---------- Materials provided ----------

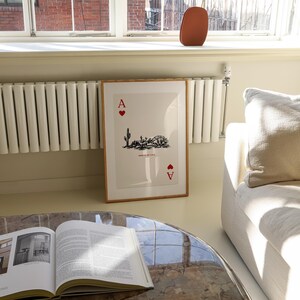 Op de afbeelding: Een ingelijst afdruk van de Aas van harten speelkaart met een woestijnlandschap illustratie. De kaart is ingelijst in een licht houten lijst en hangt aan een witte muur. De muur bevindt zich naast een witte radiator en een witte bank.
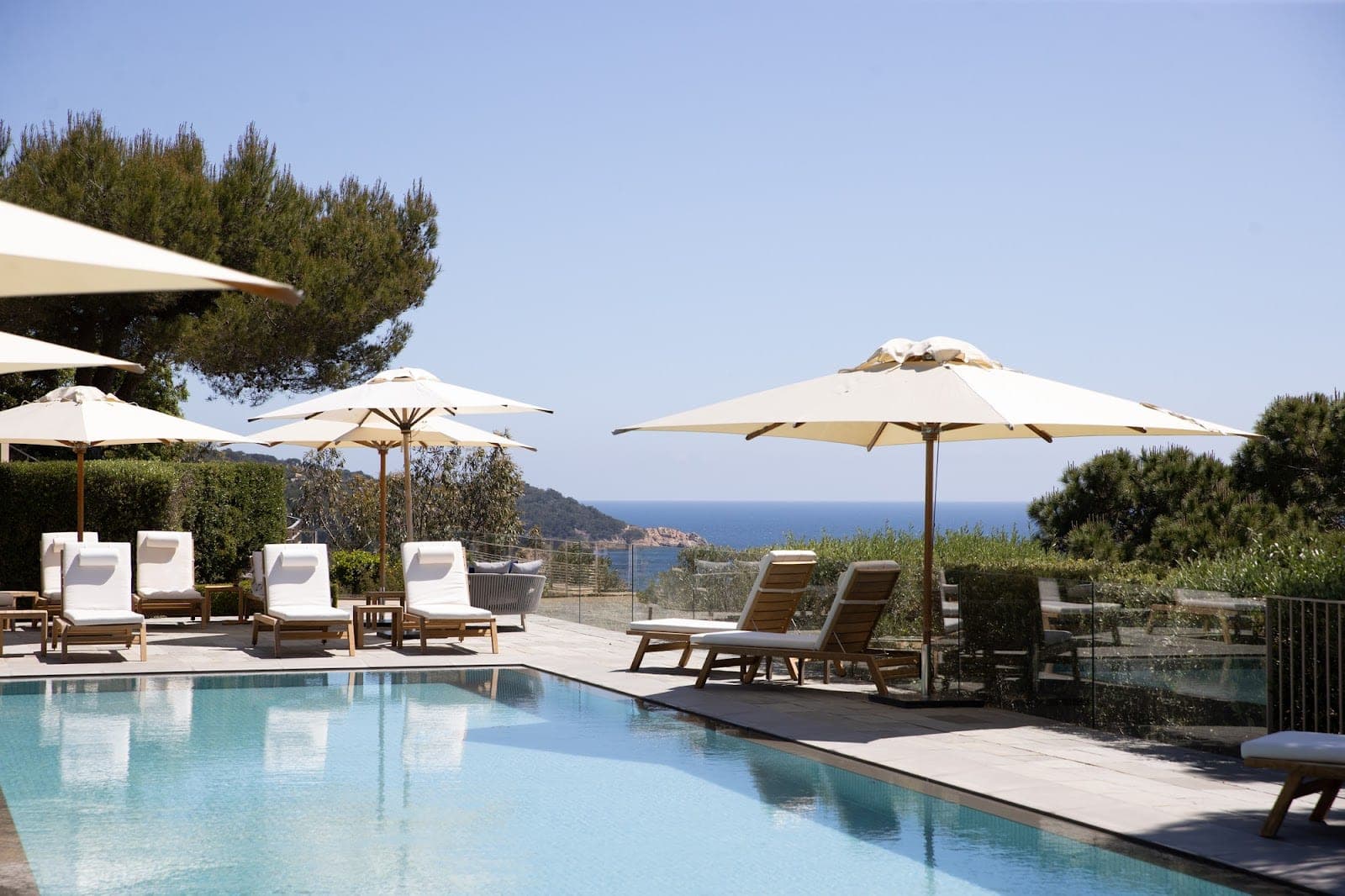 Swimming pool with lounge chairs and umbrellas overlooking the sea.
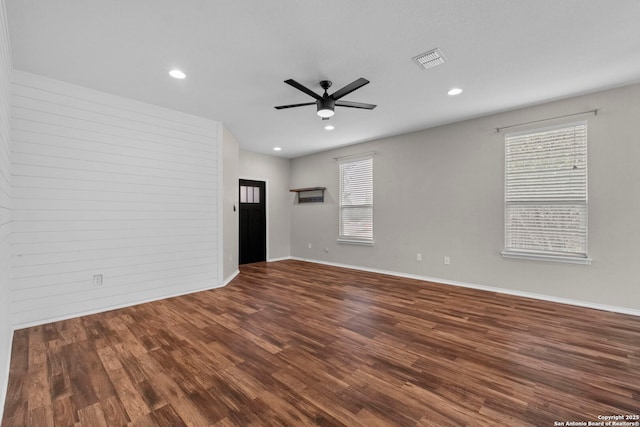unfurnished room featuring ceiling fan, visible vents, a wealth of natural light, and wood finished floors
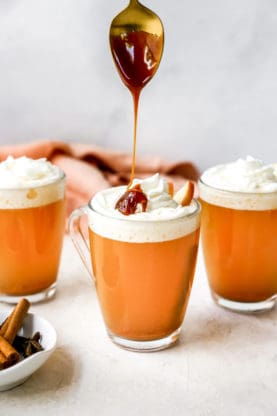 Cider in three mugs with caramel sauce drizzled on top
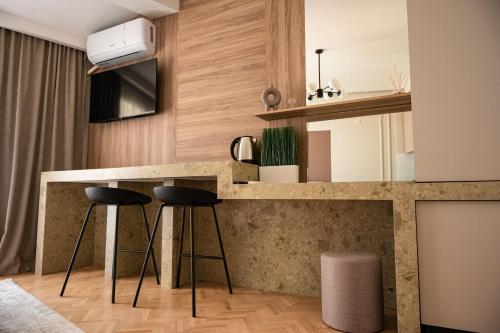 a kitchen with a counter and two stools at Bitola Apartments in Bitola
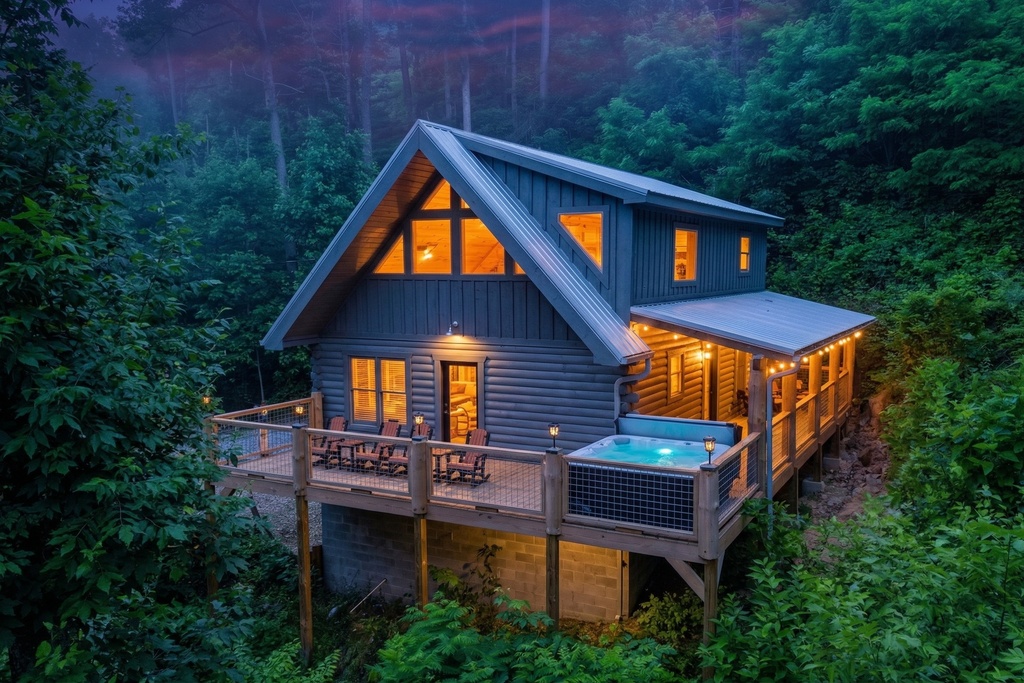 Bear Paws Cabin glows at twilight, nestled in the lush forests of Gatlinburg, Tennessee. This aerial view shows off the full property &mdash; spacious deck with rocking chairs, bubbling hot tub, covered porch with string lights, and soaring A-frame windows. The 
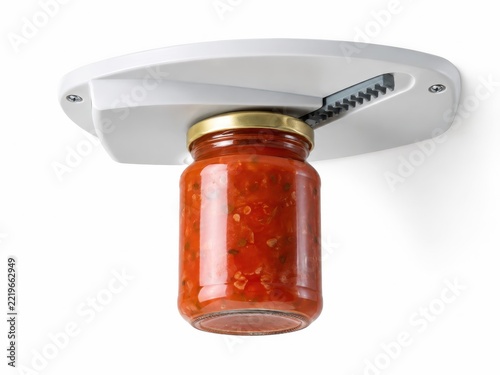 Fixed Under Cabinet Jar Opener Holding Tomato Sauce Jar Isolated on White Background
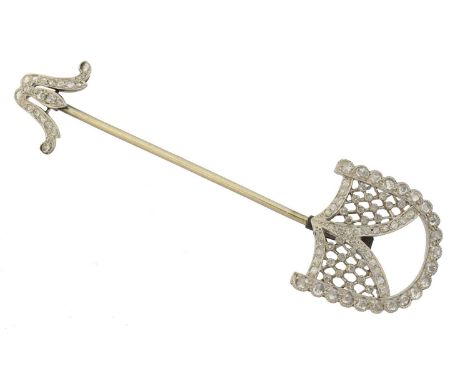 An early 20th century diamond jabot pin, An early 20th century diamond jabot pin, designed as a stylised arrow, set throughou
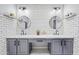 Modern bathroom with double vanity, gray cabinets, and white subway tile at 1436 E Rosemonte Dr, Phoenix, AZ 85024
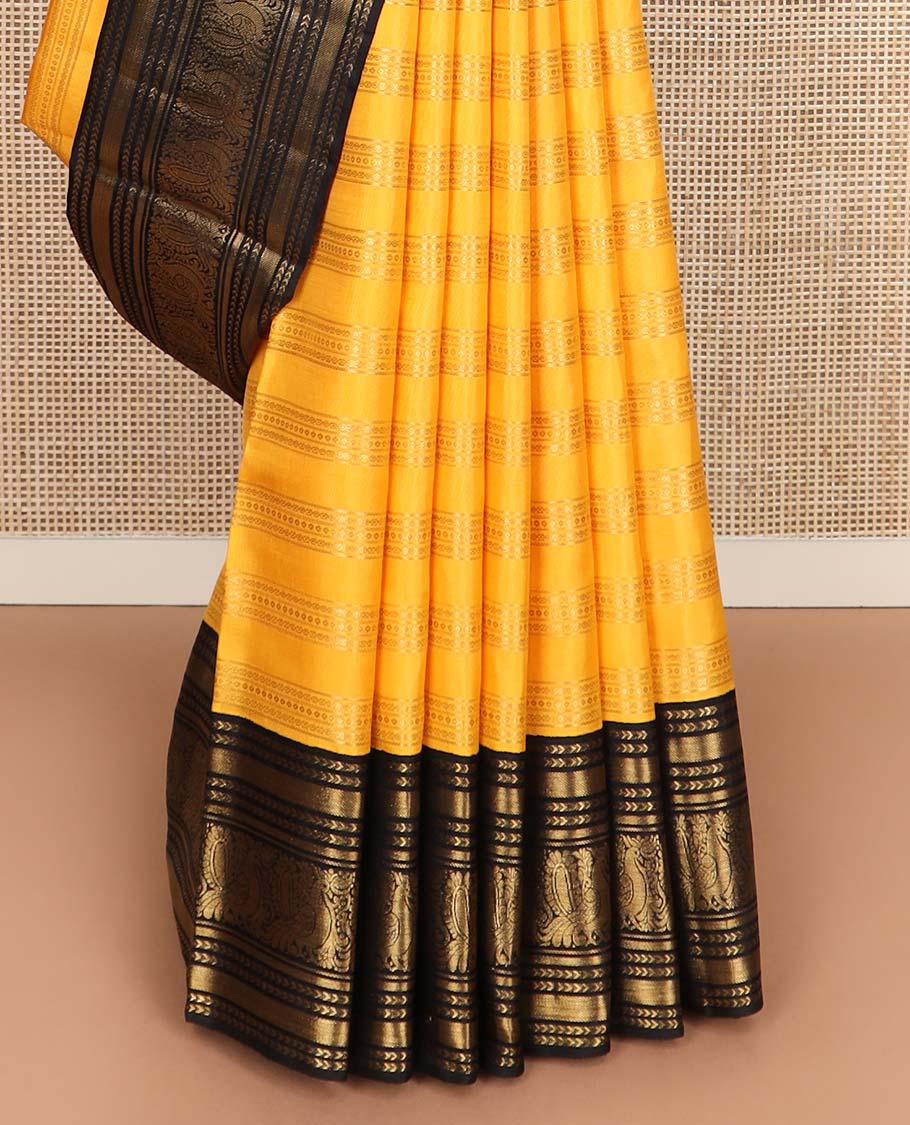 Yellow zari striped Kanchipuram silksaree, contrast border of kathir, and mayil designs, and pallu of mayil kann designs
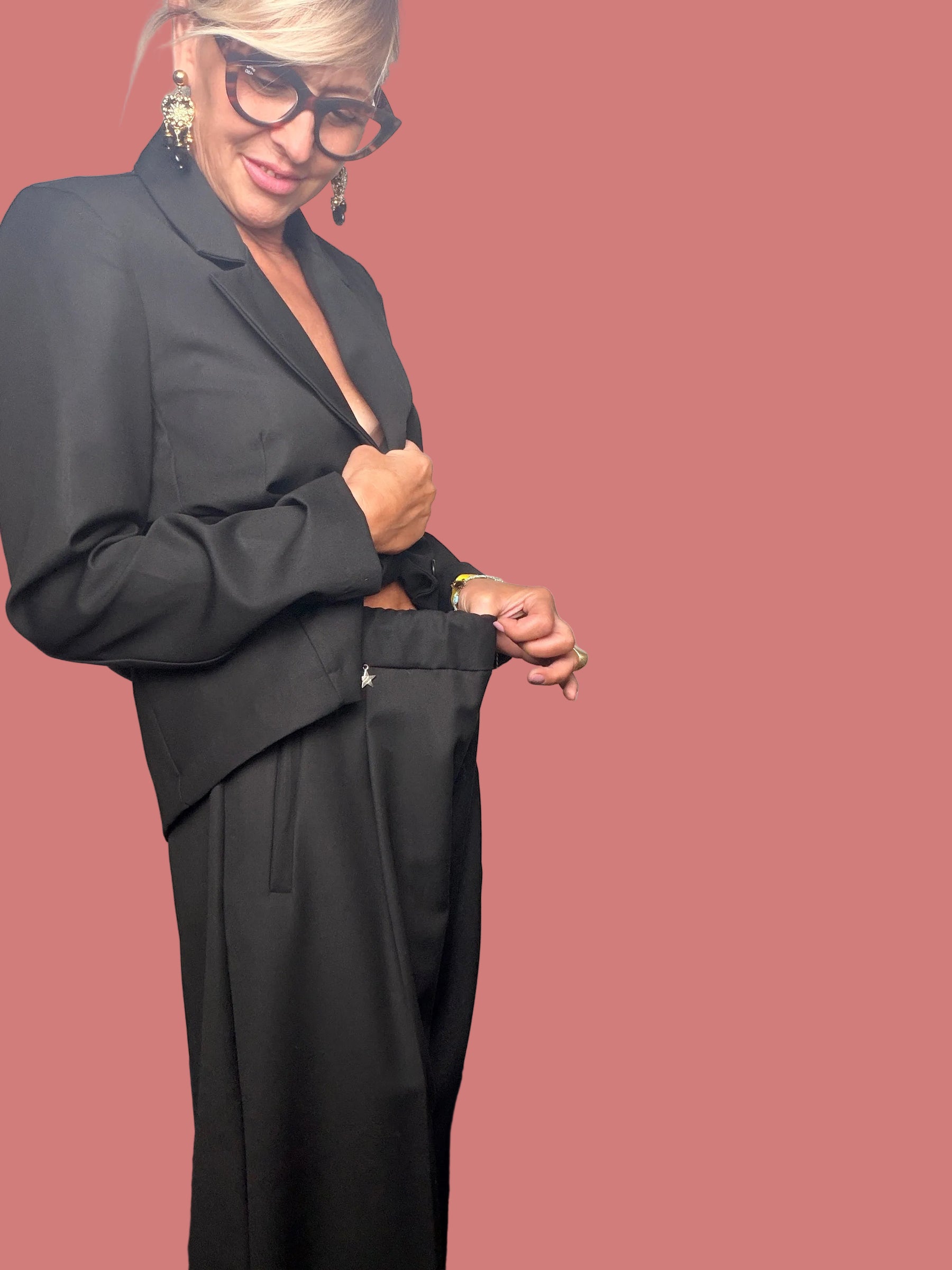 Dettaglio del pantalone nero a gamba ampia con fascia in vita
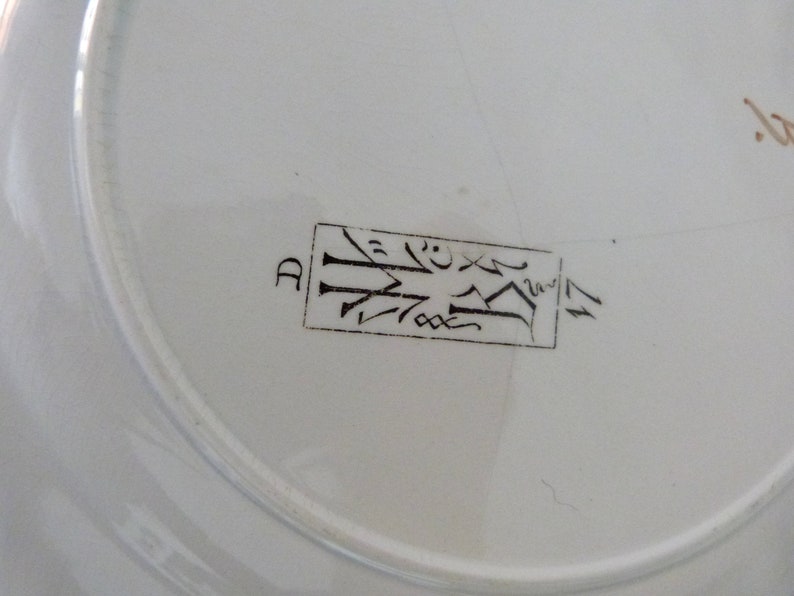 Pode incluir: Close-up da parte inferior de um prato de cer&acirc;mica branco com uma marca retangular marrom que diz "D" e um design estilizado.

----------

Your instructions - When you reach the line that contains "Modern bathroom with" in the records above, copy it and every line after it exactly through the last one, leaving out the pictures.

Written response -
 Modern bathroom with double vanity, gray cabinets, and white subway tile at 1436 E Rosemonte Dr, Phoenix, AZ 85024
 Yellow zari striped Kanchipuram silksaree, contrast border of kathir, and mayil designs, and pallu of mayil kann designs
 Dettaglio del pantalone nero a gamba ampia con fascia in vita
 Pode incluir: Close-up da parte inferior de um prato de cer&acirc;mica branco com uma marca retangular marrom que diz "D" e um design estilizado.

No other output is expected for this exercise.